T 災害への備えに、デジタルを活用する。デジタルによって、これまでよりも都民の皆さんの命が助かるようになる、資産や財産が護られるようになる、強靭で持続可能な社会の創出を目指すというのは、十分な理想状態であると思います。 「デジタルツイン実現プロジェクト」では、都市部だけではなく、多摩・島しょ地域も含めて都内全域を対象にデジタルツインを実現していくのでしょうか?
M デジタルツインの実現に向けては、令和4年度から新たに点群データ(空中写真やレーザースキャナで測量したあらゆる地点の地形を3次元で把握したデータ)取得事業をスタートさせていまして、今後、多摩・島しょ地域も含めた都内全域の地形情報を点群データとしてスキャンしていくこととしています。
庁内に起きた変化
T 点群データの取得は大きなコストがかかることが課題ではありますが、まずはデータが無ければ、何もシミュレーションできないですもんね。 「デジタルツイン実現プロジェクト」を推進されている中で、庁内の変化は起きていますか?

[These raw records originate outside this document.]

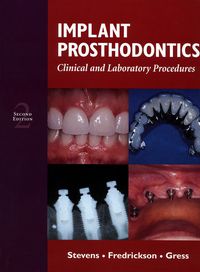 Cover image: Implant Prosthodontics: Clinical and Laboratory Procedures 2nd edition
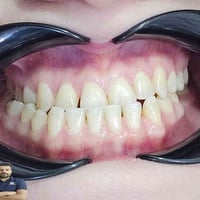 تقويم اسنان • تقدم الفك السفلي • المسيب شارع البلدية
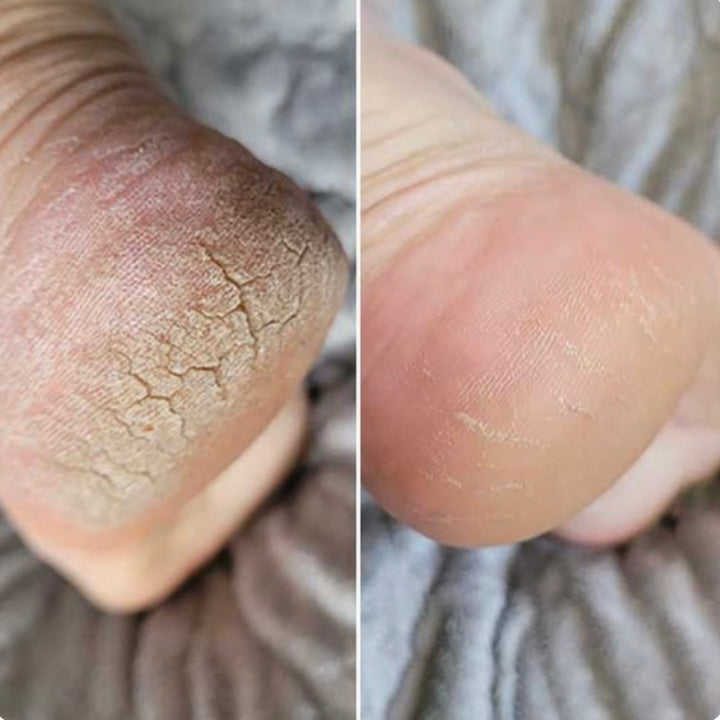 Electric Foot Grinder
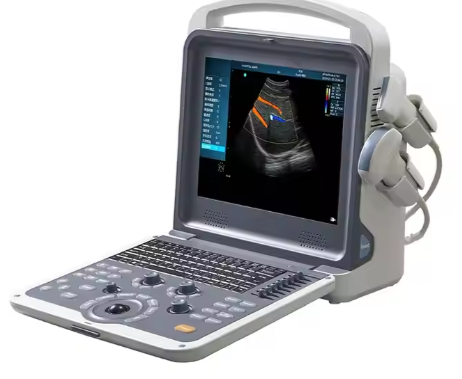 Medical 4D Upgradable Laptop Color Doppler Portable Ultrasound Scanner Machine with 2 Probes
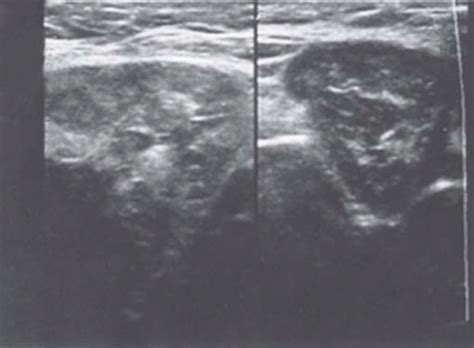 A Ultrasound Image Showing Bilateral Enlarged Submandibular Lymph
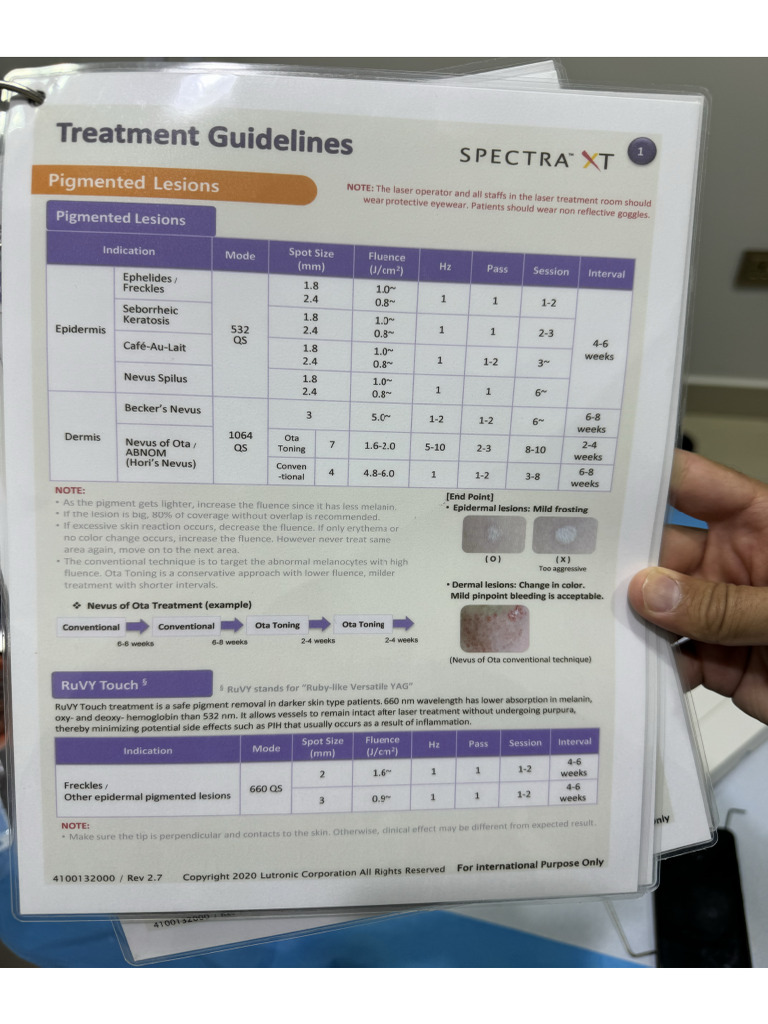 Spectra Parameters | PDF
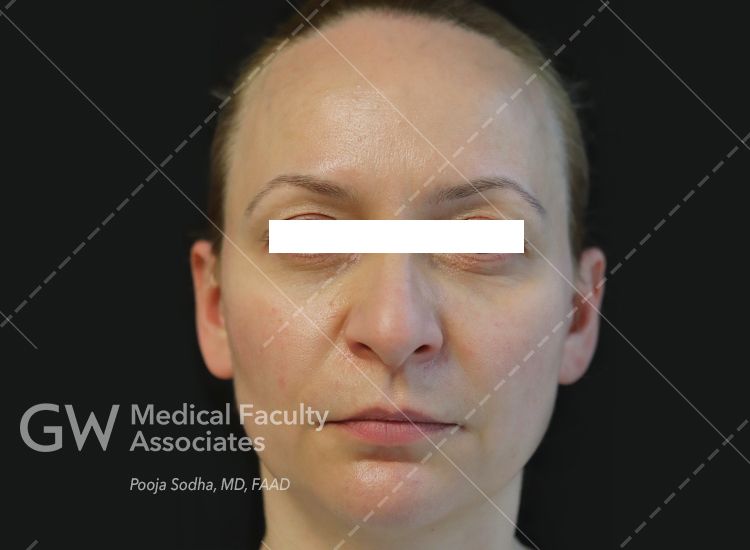 post-treatment facing forward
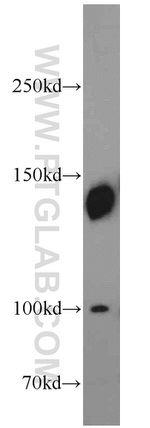 SRRM1 Antibody in Western Blot (WB)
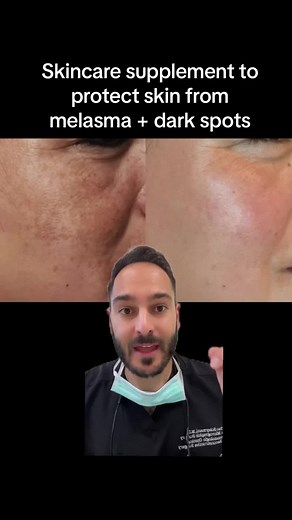 Protect Your Skin with the Best Melasma Supplement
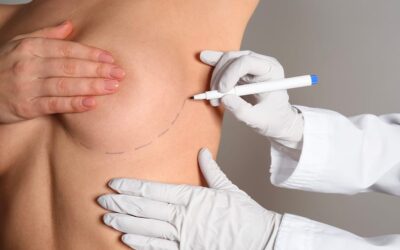 Lifting mammaire : redonner forme et jeunesse à une poitrine qui s&rsquo;est relâchée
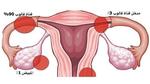 ما هي أعراض انسداد قناة فالوب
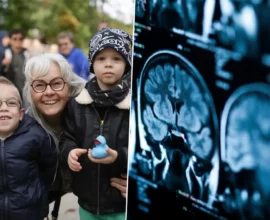 MPS I Hastalığı: Erken Tanı Hayat Kurtarıyor, Avusturya Geri Kalıyor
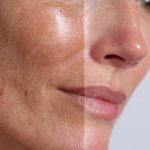 کانتورینگ و فرم دهی صورت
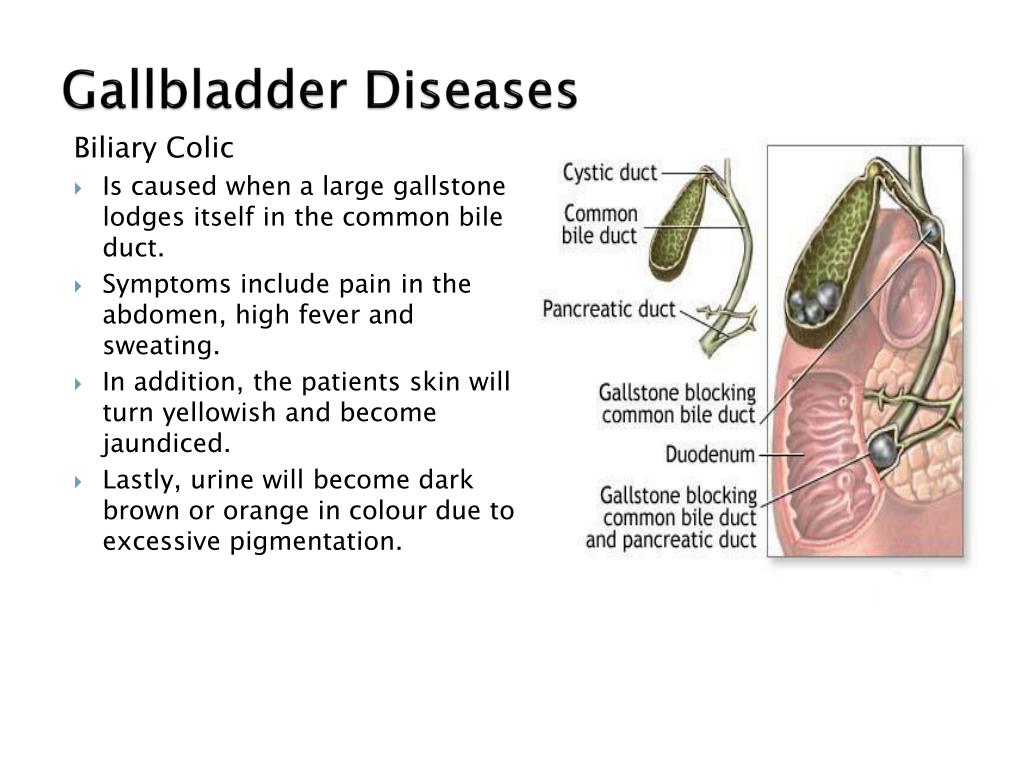 Bladder Diseases Pictures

M 「デジタルツイン実現プロジェクト」を推進していて起きている現象としては、各局のデータを集積したビューアのような存在になりつつあるということがあります。 水道の配管や地下の埋没物などの図面データや、川や海辺の防災系カメラによる画像データ・動画データなど、各局が独自に膨大なデータを持っていて、これまでは、それらのデータを確認しようとすると、それぞれの局のシステムにアクセスするしかない状態でした。 それが、「デジタルツイン実現プロジェクト」によって各局のデータを一元化して可視化できるプラットフォームとしてのビューアが出来たことで、このビューアにデータをプロット(描き込む)しようという流れが庁内で起きています。狙っていたわけではないのですが、結果として、SoI(System of Insight)のように、庁内の誰もが各局のデータが組み合わさった状態で全体を俯瞰して把握・分析できるようになりつつあります。
T デジタルツインによって、他の局のデータを含め全体を俯瞰して把握・分析できるようになると、政策のあり方も変わってきそうですよね。